Tildonk lag in het begin van de Tweede Wereldoorlog langs de KW-stelling (de verdedigingsstelling die liep van Koningshooikt tot Waver en die bedoeld was om de opmars van de Duitsers in het centrum van België tegen te houden). De fameuze IJzeren Muur bestond op Tildonks grondgebied uit een aaneenschakeling van robuuste stalen hekkens (de zogenaamde 'Cointet-elementen') die aangebracht waren van aan Tildonk-sas, langs de Hambos, tot in Wakkerzeel. Tussen Wakkerzeel en Haacht liep de betonnen antitankgracht. De KW-stelling heeft echter geen dienst gedaan. Uit tactische overwegingen werd de stelling al verlaten voordat er enige slag werd geleverd... Nog in 1940 werd de IJzeren Muur ontmanteld door de bezetter, waarbij de onderdelen nadien o.m. dienst deden in de 'Atlantikwall' in Normandië. Maar ook de dorpelingen konden bepaalde onderdelen goed gebruiken. Hier en daar tref je bij Tildonkse boeren nog wel eens 'welletjes' of piketten aan die afkomstig zijn van de Muur...

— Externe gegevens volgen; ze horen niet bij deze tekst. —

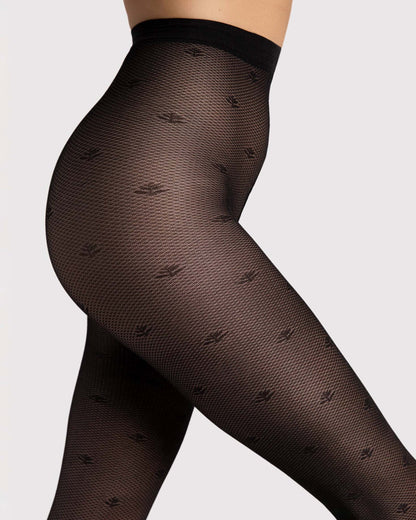 Fiore Lea 30 Den - Black micro mesh fashion tights with a small flower and stem dotted pattern, geometric linear pattern, sheer body and reinforced toe. Close up of waist.
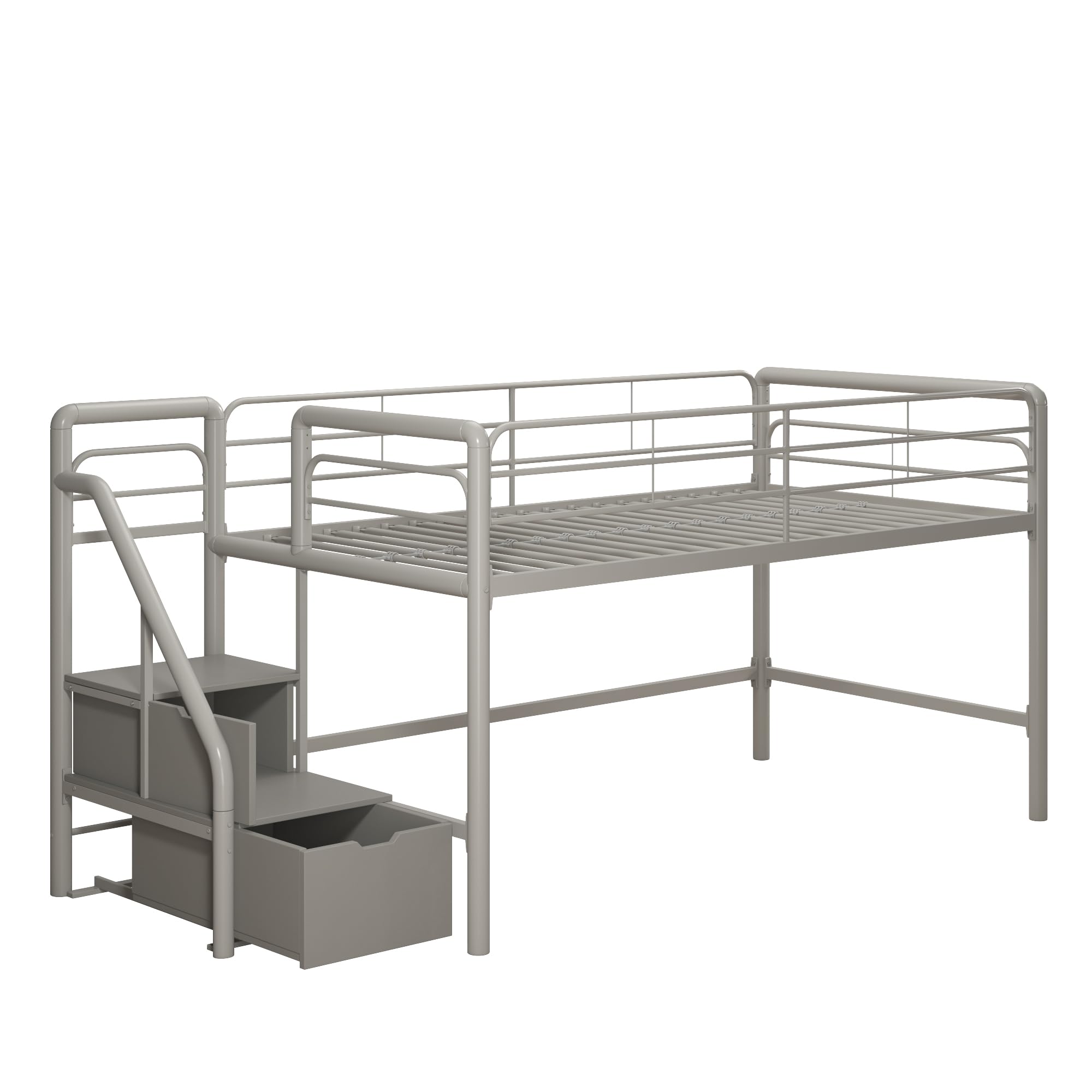 Junior Twin Metal Loft Bed with Storage Steps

TILDONK TIJDENS DE MEIDAGEN VAN 1940
Bij het uitbreken van de oorlog zat de schrik er goed in bij de mensen. Met de gevechten en de verschrikkingen van de Eerste Wereldoorlog nog op het netvlies gebrand, hadden de inwoners van Tildonk weinig aanmaningen nodig om op de vlucht te slaan. Doch buiten wat schermutselingen her en der bleef onze streek verstoken van het krijgsgeweld. De meeste schade aan de gebouwen was afkomstig van afgelegen artillerievuur. Uiteraard hadden ook de aanleg van de fameuze IJzeren Muur, de vele bunkers en de occasionele loopgraven gezorgd voor de nodige schade in de velden. Ronduit dramatisch was de dood van de twee Tildonkse onderwijzers Lauwers en Mommaers bij de gevechten in de omgeving van de Leie te Nevele.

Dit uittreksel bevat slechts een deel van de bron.